OS QUE INCOMODAM QUE MUDEM

Meu estado tem uma lei que proíbe fumar em praças de alimentação de shoppings centers. Minha cidade tem uma lei que proíbe fumar em qualquer dependência de shoppings centers. A primeira não decorre do fato de fumaça e cheiro de fumo prejudicarem o aroma e o paladar; também não advém da inadequação de fumar em ambientes fechados e dotados de ar condicionado. A lei estadual foi estabelecida por razões de segurança, em razão de graves sinistros ocorridos anteriormente à sua promulgação! É semelhante, por exemplo, à que proíbe fumar em postos de abastecimento de combustível. Já a lei municipal tem foco ambiental e de cidadania!

Num país civilizado elas seriam desnecessárias, pois os cidadãos fumantes, minoria, teriam a consciência de evitar que seu vício afetasse os não-fumantes, maioria, inclusive crianças. Assim, exercitariam seu autocontrole nesse tipo de ambiente, e deixariam para saciar sua dependência de nicotina em locais externos. Mas, pouquíssimos fumantes respeitam essas leis. A maioria prefere ignorar as advertências, esconder o cigarro na parte interna da mão, ou tragar a fumaça, na tentativa de dissimular o ato; outros, nem isso fazem...

Você está observando uma vitrine, quando um deles se posta ao seu lado: a fumaça e o cheiro incomodam e você tenta desviá-los, com um abano de mão... A reação da maioria dos fumantes é, normalmente, de irritação: “Que saco!”. Parece que você é que está sendo inconveniente!

Os adeptos do fumo tinham, no entanto, uma “desculpa” para burlar as leis: praticamente todos os corredores de shoppings dispõem de áreas dotadas de bancos, jardineiras e lixeiras, estas últimas, normalmente, dotadas de cinzeiros na parte superior. Para eles valia a “lógica” contraditória do vício: “Se tem cinzeiro é porque pode fumar!”. Isto transformou essas áreas de descanso em redutos mal-cheirosos e incômodos, menos para os fumantes, cujo olfato já está, normalmente, afetado pelo vício. Ironicamente, placas com os dizeres: “Proibido fumar”, também foram colocadas nesses locais! Uns disseram: “Que saco!”; outros passaram a fumar debaixo delas, para alegarem que não as tinham visto!

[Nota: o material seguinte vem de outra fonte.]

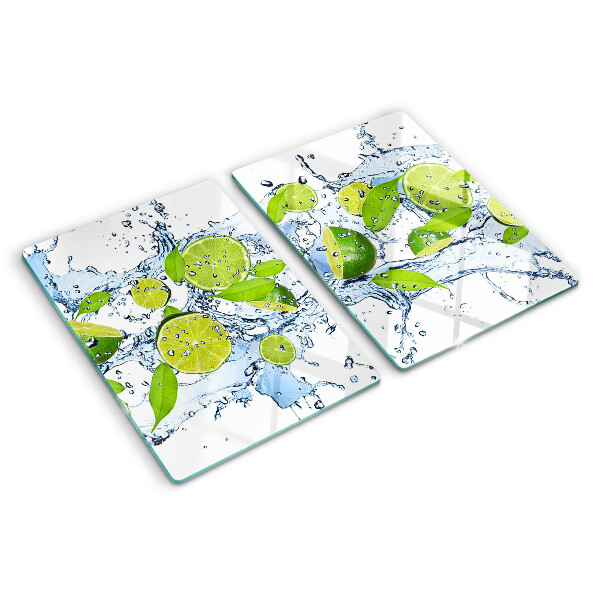 Schneidebrett Glas mit Motiv von Zitronen im Wasser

A coisa, no entanto, começou a assumir ares grotescos, além de poluídos, quando alguns shoppings passaram a exibir enormes faixas dando conta de que haviam recebido certificados de excelência de qualidade do ar em suas dependências! Quais foram os parâmetros utilizados nessa avaliação? Quaisquer que fossem, não eram sustentáveis!

Coincidência ou não, alguns meses depois os cinzeiros foram transformados em mini-floreiras, ou preenchidos com arranjos de flores artificiais. A maioria dos fumantes, no entanto, não entendeu a nova mensagem. Provavelmente pensaram: “Que saco! Cinzeiro não é lugar para colocar isso!”; e continuaram e depositar, inconformados, as pontas de cigarro no espaço remanescente, no chão ou, pior, dentro da lixeira, com risco de incêndio! Talvez alguns tenham, até, protestado às administrações, pela supressão dos dispositivos e risco!

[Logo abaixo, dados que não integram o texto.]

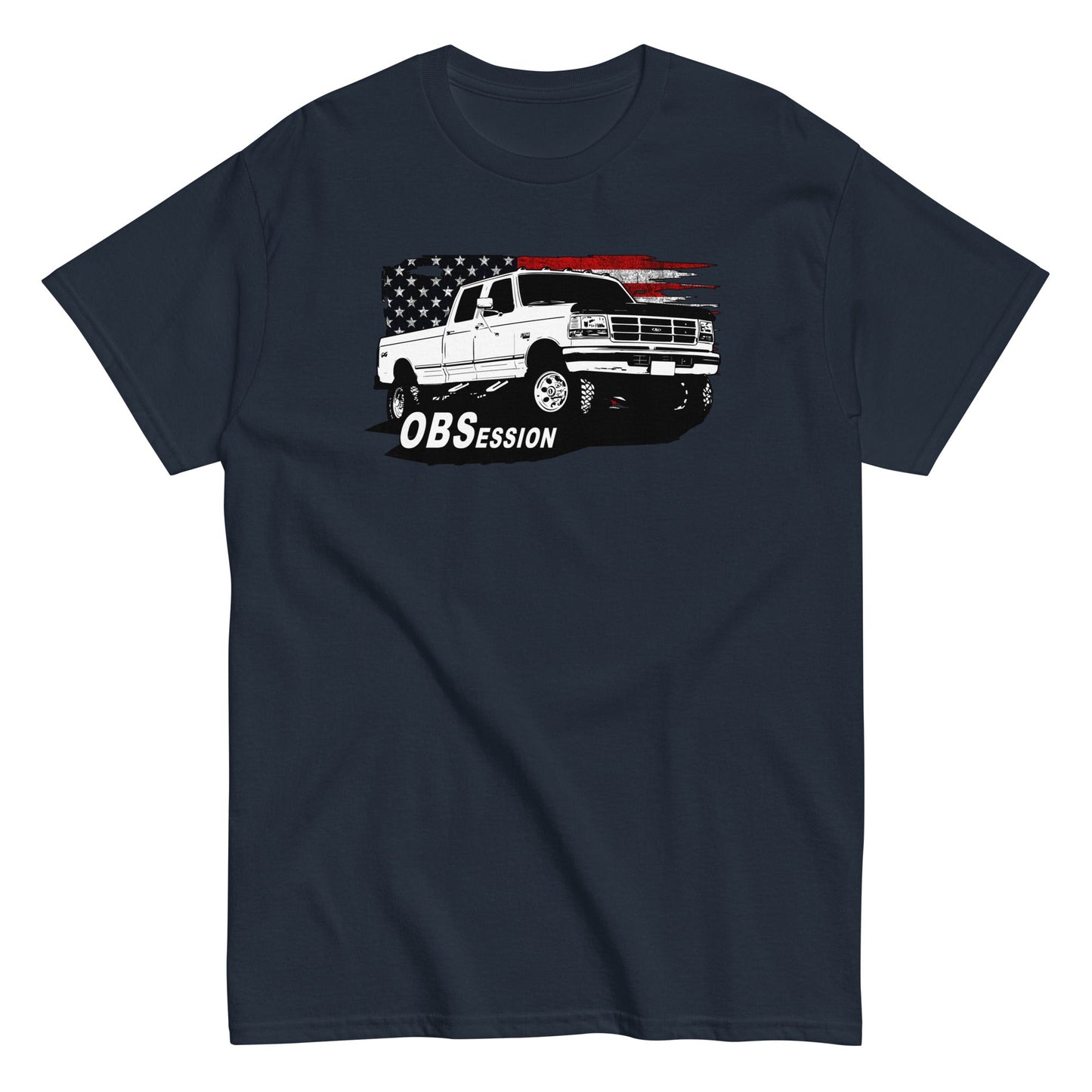 OBS Crew Cab Truck American Flag T-Shirt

E assim seguiram: incomodando, sem querer serem incomodados...

Outro dia, eu, minha esposa e meu filho, sentados num desses bancos de corredor de shopping, saboreávamos sorvetes distraidamente, sem incomodar ninguém, quando um odor desagradável prejudicou aquele prazer... Ao identificar a origem do mau cheiro: Um indivíduo que passara fumando. Comentamos o fato entre nós, e, subitamente, uma mulher, que estava sentada ao lado, resmungou: “Que saco!”, e foi sentar mais adiante. Também estava fumando...

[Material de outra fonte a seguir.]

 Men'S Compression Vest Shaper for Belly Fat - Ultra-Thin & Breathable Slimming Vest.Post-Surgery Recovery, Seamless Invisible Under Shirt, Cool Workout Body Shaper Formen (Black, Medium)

Pode ser que os administradores tenham medo de perder os clientes fumantes, caso passem a “incomodá-los”, mas se todos os estabelecimentos o fizerem, educada, mas ostensivamente, eles não terão opção, com benefício para todos, inclusive eles próprios.

Uma grande rede nacional de rádio lançou, recentemente, uma campanha para que o cidadão se levante contra todas as coisas que incomodam: celular, no cinema; combustível adulterado, jogar lixo no chão... Faltou mencionar: fumar em local proibido!

Civilidade é uma via de duas mãos, ou seja: quem não quer ser incomodado deve aprender a não incomodar, ou seja, mudar seus hábitos!

Seria melhor que não fossem necessárias leis para isso; mas, se existem, que sejam cumpridas!